There are, annoyingly, 2 apparently-dead women in Reese's past (a partner and a girlfriend), but I'm pretty sure that one or both is still alive, and that part of why Reese is in hiding is that he helped one of them fake her death. Actually, I seriously hope that Reese's partner is an as-yet-unseen character called Root.
Finch and Fusco annoyed me in early episodes, but they've grown on me. The show overall reminds me of White Collar, despite the fact that they don't really have a lot of common (though I feel I could draw comparisons between Finch and Mozzie and a recurring character named Zoe Morgan and Alex.) They both have that "this is entertaining and kind of addictive braincandy but it's too bromance-y and needs more prominnt women to get attention more for me to get invested...oh wait you just did something to get me invested I might be a bit annoyed with you about that" thing for me. (I guess a lot of the similarities in my head come from the fact that I like these two shows despite being turned off by most premises with a bromance at the center?)
Anyway, certainly far from the best show ever, but an entertaining one and fairly addictive brain candy.
P.S.-My favorite of the early episodes is the one with the gratuitous Count of Monte Cristo references where Reese proves to us that he's not that bright unless it involves stalking, fighting, or brief spurts of machiavellian manipulation.

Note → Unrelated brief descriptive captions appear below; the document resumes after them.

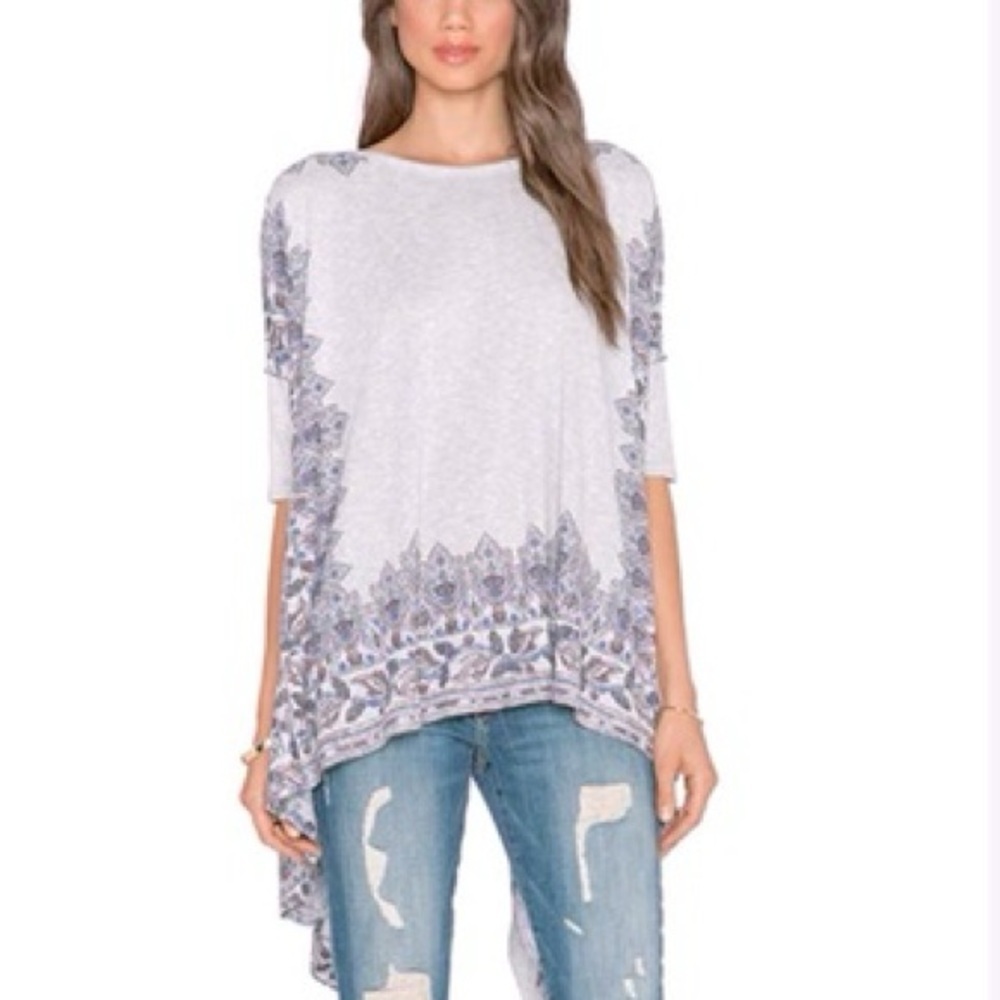 Free People Pick Me Up Drapey Tee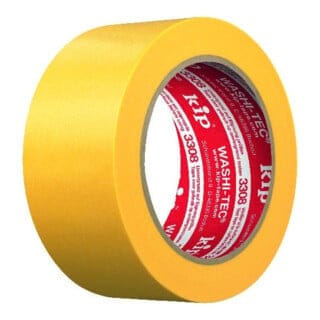 3308 WASHI-TEC®Premium Plus Goldkrepp® gelb 48mm x 50m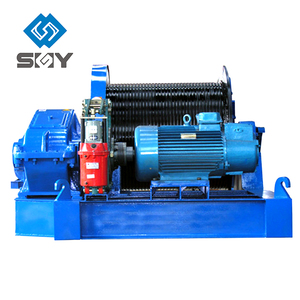 Yuntian High-Quality <strong>Electric</strong> <strong>Winch</strong> for Marine Crane Applications 500kg Capacity <strong>12V</strong> with Remote Control China Manufacturer - Product Image 2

Which gets a bit surreal once you start noticing that it's CoMC and you largely associate Caviezel with Edmond Dantes because the 2002 version of CoMC was the first thing you saw him in. (A teeny part of me may have been sulking the last few months that they didn't get him to play David Clarke in Revenge.) Though my favorite scene is another episode where Kahlan from Legend of the Seeker shows up with a haircolor that actually suits her shows up and abducts Reese's hair with the rest of him still attached so she can give him better hair and the experiences a complete inability to mentally or vocally function because apparently the CIA doesn't train you when it comes to random redheads flirting with you. That was seriously hilarious.